Wednesday, November 28, 2012
Greek Debt Plan Relies on Rosy Outlook
November 27, 2012
A long-awaited deal cobbled together by euro-zone finance ministers early Tuesday gives Greece a rough outline for cutting its mountain of debt, but the plan threatens to be derailed if the country's economy doesn't emerge from recession in two years.
The currency bloc's governments would then almost certainly need to accept losses on their loans to Greece in order to meet the long-range debt targets that Greece's creditors set Tuesday, testing the political commitment of euro-zone leaders to keep Greece in the single currency area. With no end in sight to the Greek recession, that test could come within months.

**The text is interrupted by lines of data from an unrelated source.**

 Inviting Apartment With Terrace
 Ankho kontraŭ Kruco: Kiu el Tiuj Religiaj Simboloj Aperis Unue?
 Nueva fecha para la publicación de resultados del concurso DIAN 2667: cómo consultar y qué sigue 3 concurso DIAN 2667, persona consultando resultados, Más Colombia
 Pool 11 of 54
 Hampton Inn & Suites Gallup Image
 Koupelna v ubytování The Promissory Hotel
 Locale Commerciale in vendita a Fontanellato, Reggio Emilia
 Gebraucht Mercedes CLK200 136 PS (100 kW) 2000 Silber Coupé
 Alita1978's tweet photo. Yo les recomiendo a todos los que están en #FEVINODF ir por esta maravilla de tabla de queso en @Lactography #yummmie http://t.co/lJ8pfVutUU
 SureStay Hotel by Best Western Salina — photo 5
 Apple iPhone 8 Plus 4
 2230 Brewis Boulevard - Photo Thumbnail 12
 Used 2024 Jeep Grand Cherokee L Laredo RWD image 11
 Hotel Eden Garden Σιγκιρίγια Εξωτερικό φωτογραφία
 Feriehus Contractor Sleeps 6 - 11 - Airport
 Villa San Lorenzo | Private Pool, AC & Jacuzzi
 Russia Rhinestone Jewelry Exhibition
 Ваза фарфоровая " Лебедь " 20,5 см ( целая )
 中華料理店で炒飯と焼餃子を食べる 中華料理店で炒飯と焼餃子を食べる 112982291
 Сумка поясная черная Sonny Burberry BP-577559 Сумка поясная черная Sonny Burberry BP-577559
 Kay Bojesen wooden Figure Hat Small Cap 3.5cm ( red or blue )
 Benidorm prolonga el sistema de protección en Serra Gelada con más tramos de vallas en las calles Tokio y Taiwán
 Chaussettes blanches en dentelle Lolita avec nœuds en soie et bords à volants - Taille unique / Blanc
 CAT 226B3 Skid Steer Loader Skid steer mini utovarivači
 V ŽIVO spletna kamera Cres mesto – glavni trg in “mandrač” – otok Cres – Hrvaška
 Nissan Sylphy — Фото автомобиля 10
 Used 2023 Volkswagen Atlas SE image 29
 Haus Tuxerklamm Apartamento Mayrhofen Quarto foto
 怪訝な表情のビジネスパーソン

"The latest Greek rescue deal will buy the country a bit more time," said Jonathan Loynes, chief economist at Capital Economics in London. "But unless the economy stages a miraculous recovery, the rest of the euro-zone will soon be forced to make much more difficult decisions over just how far it is prepared to go to keep Greece inside the euro."
The plan unveiled early Tuesday calls for the euro zone to cut the interest rate it charges Greece on bailout loans and for the European Central Bank to send Athens any profits the ECB makes on the Greek bonds it holds. The plan would also allow Greece to buy back its bonds at the sharp discount to face value at which they currently trade.